→ **TASK TO COMPLETE**
For every record beneath this instruction, give an exact repetition, omitting images.

→ **DATA TO PROCESS**
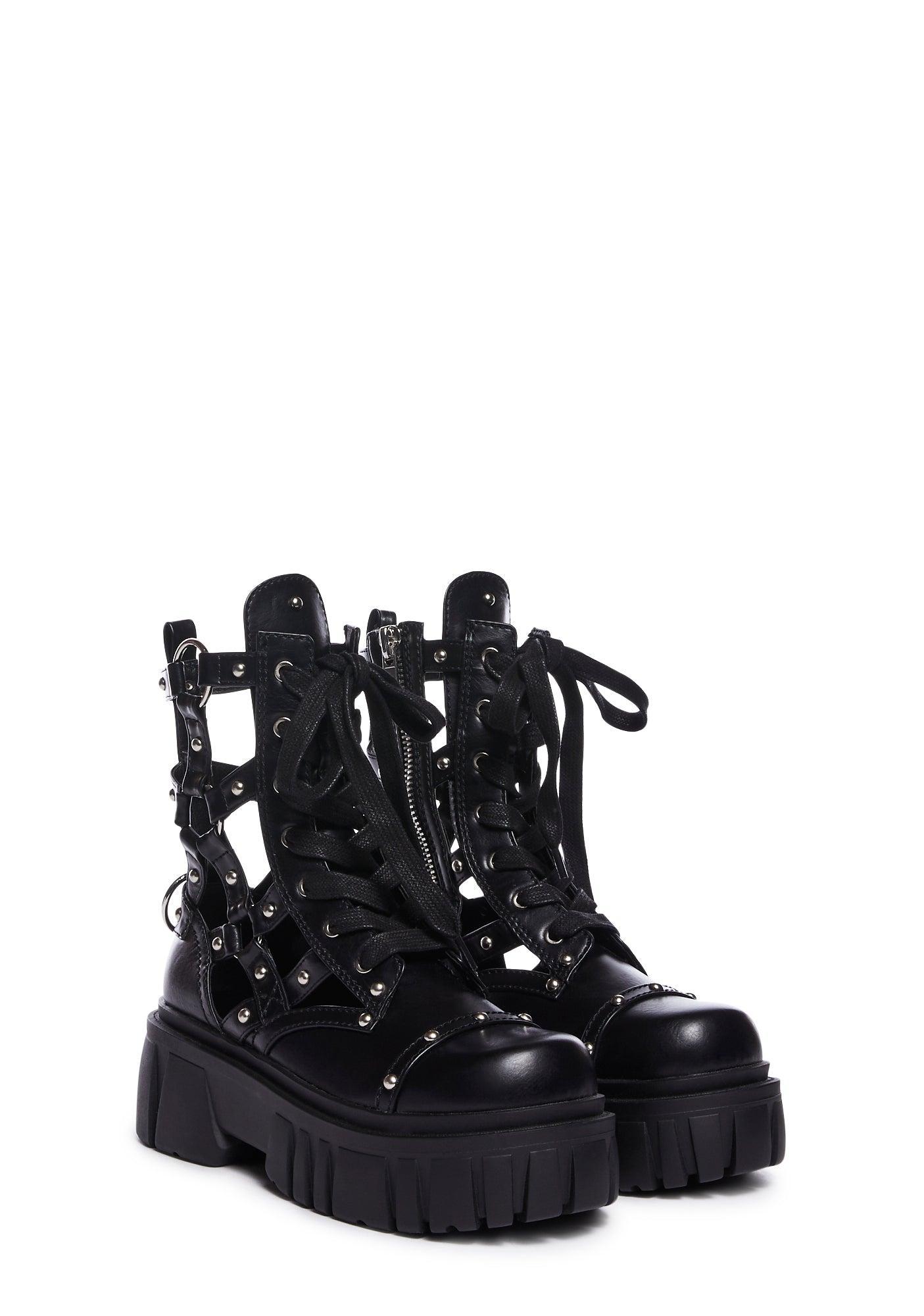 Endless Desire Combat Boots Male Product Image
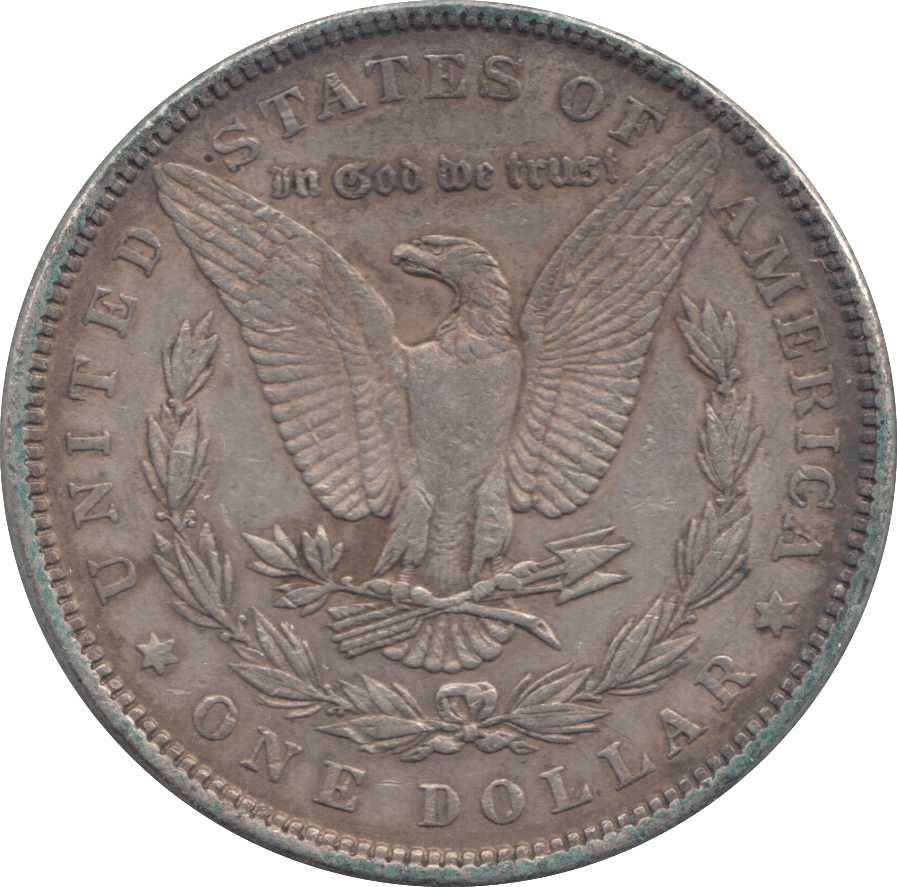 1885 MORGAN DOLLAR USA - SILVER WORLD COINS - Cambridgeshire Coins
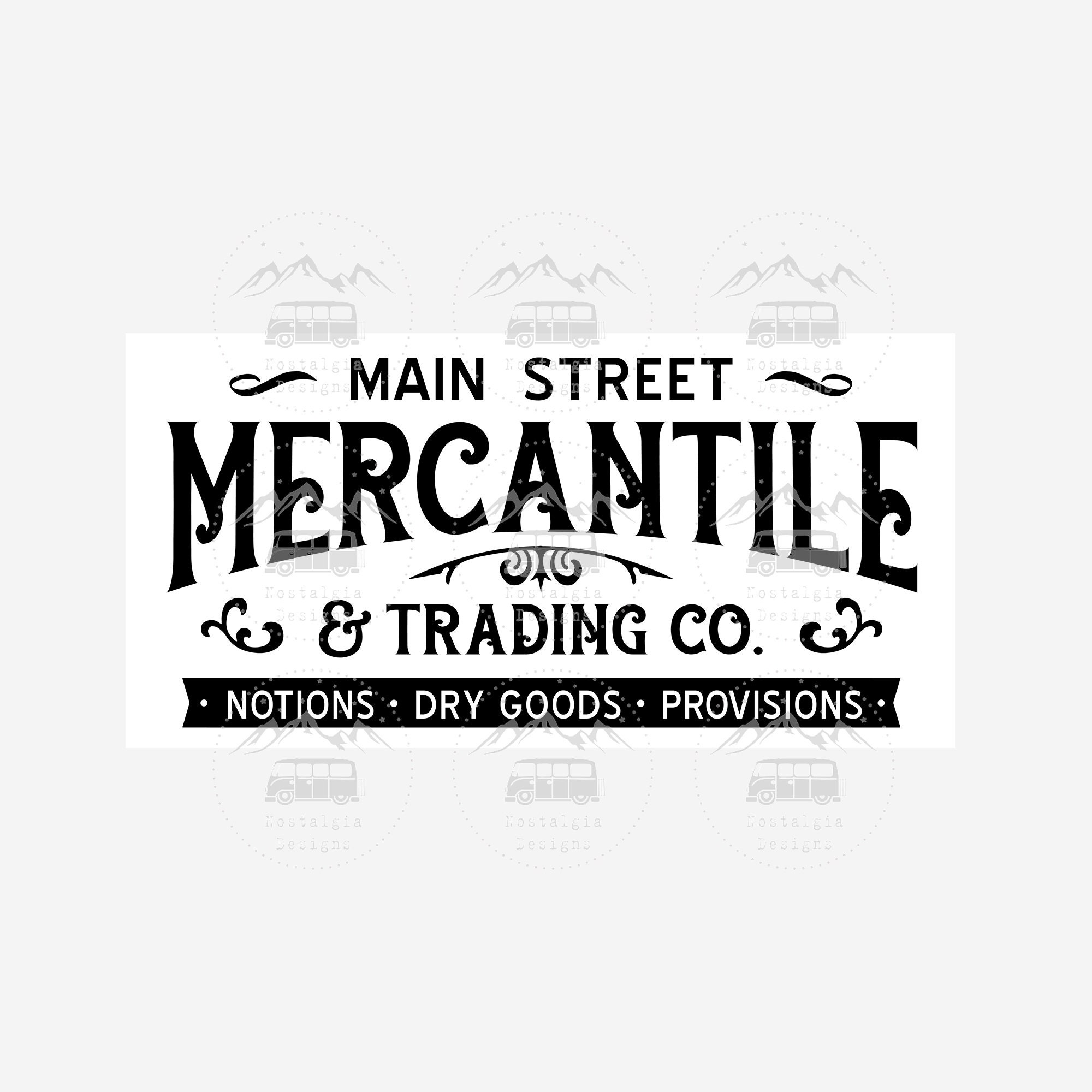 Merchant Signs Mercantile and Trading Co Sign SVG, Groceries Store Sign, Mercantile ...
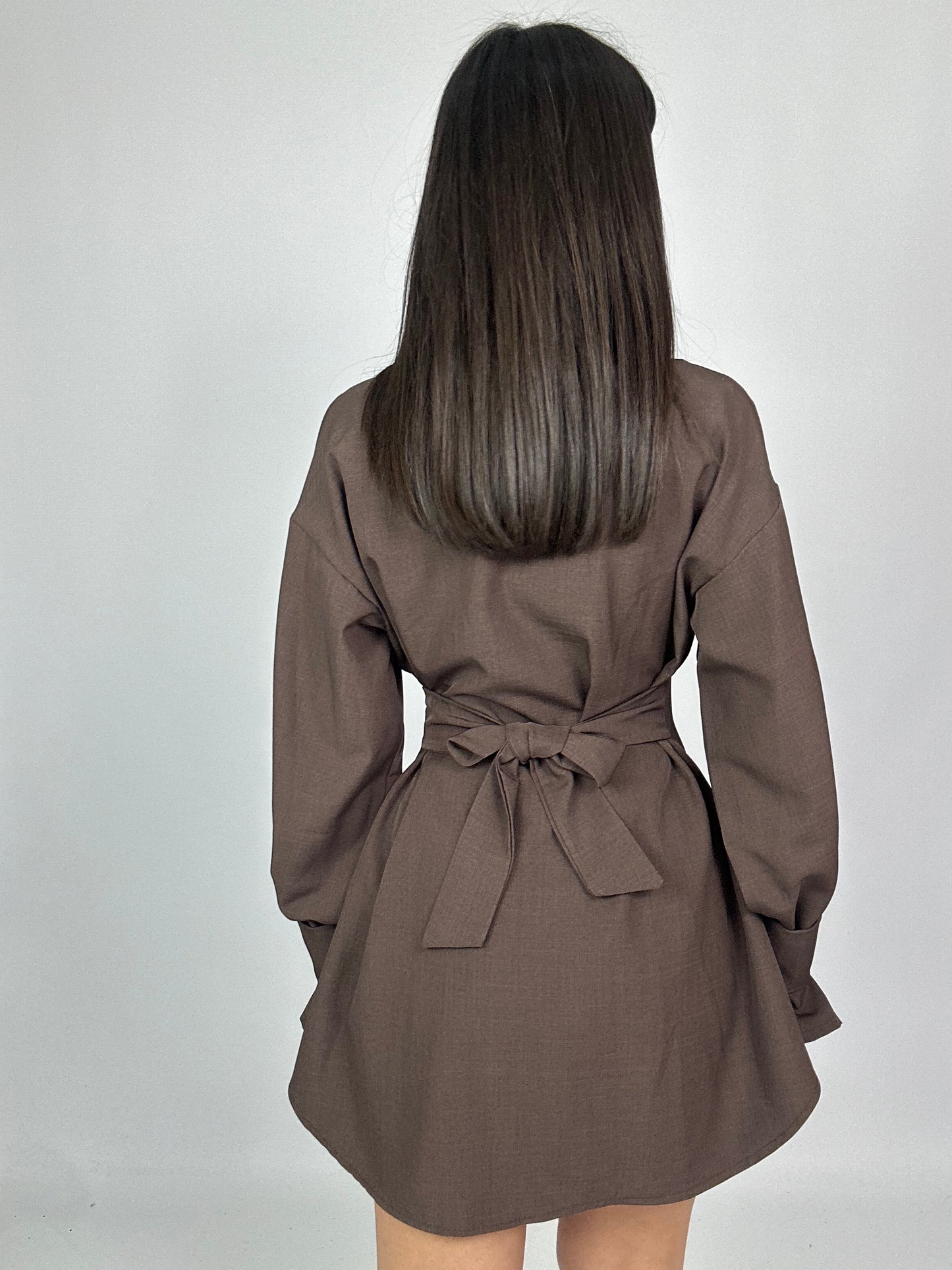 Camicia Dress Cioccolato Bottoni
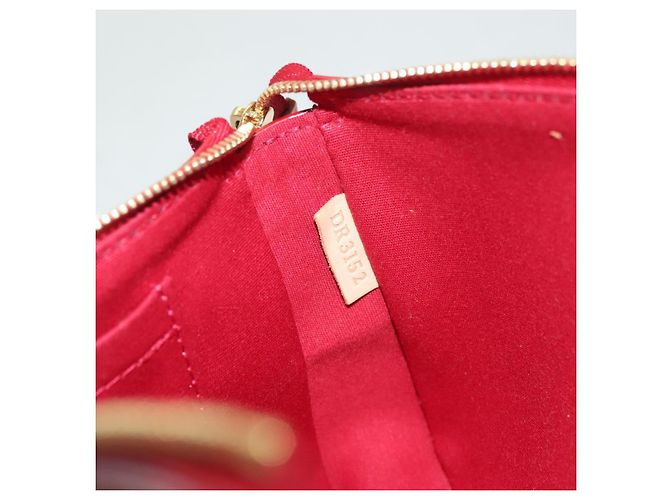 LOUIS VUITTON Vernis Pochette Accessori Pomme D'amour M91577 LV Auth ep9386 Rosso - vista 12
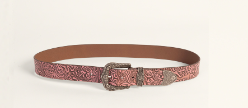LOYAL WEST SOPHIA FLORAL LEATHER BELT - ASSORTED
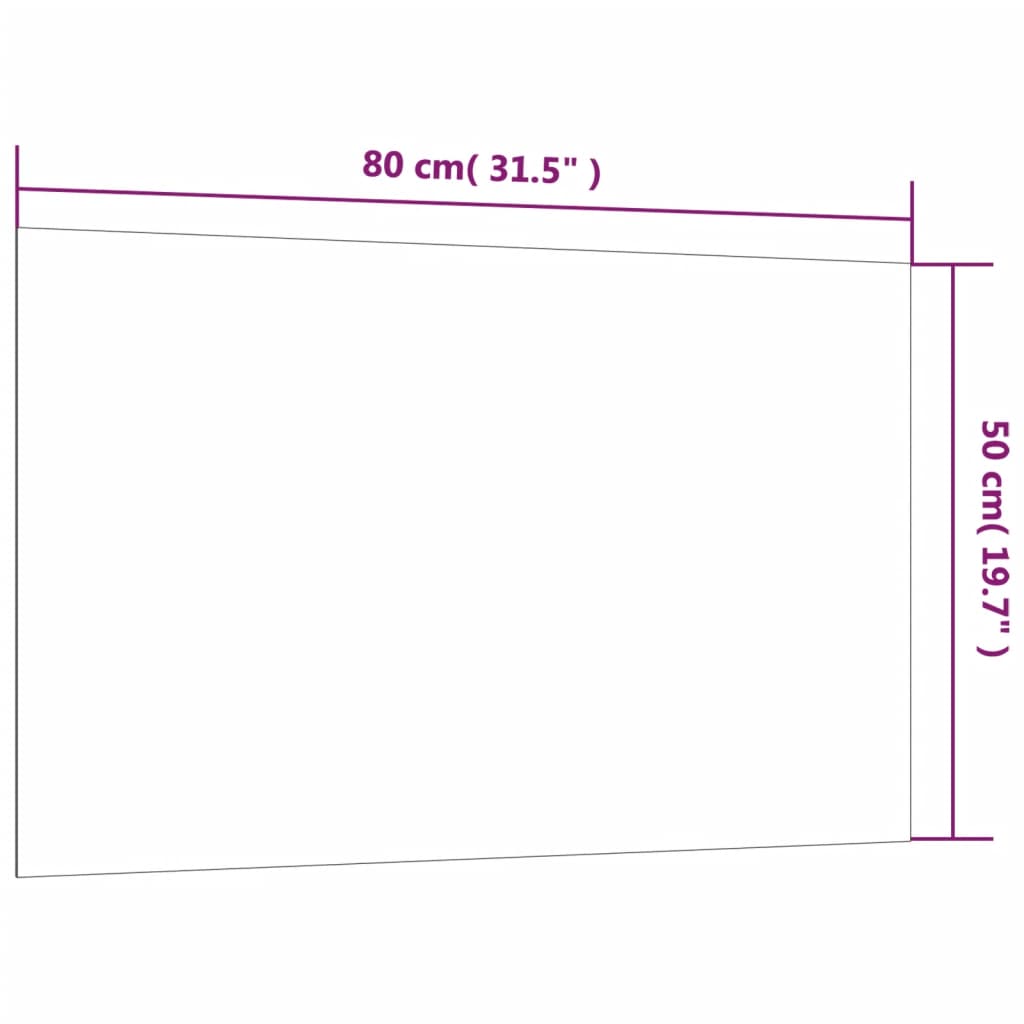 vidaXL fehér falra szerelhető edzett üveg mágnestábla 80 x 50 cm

→ **RESPONSE**
 Endless Desire Combat Boots Male Product Image
 1885 MORGAN DOLLAR USA - SILVER WORLD COINS - Cambridgeshire Coins
 Merchant Signs Mercantile and Trading Co Sign SVG, Groceries Store Sign, Mercantile ...
 Camicia Dress Cioccolato Bottoni
 LOUIS VUITTON Vernis Pochette Accessori Pomme D'amour M91577 LV Auth ep9386 Rosso - vista 12
LOYAL WEST SOPHIA FLORAL LEATHER BELT - ASSORTED
 vidaXL fehér falra szerelhető edzett üveg mágnestábla 80 x 50 cm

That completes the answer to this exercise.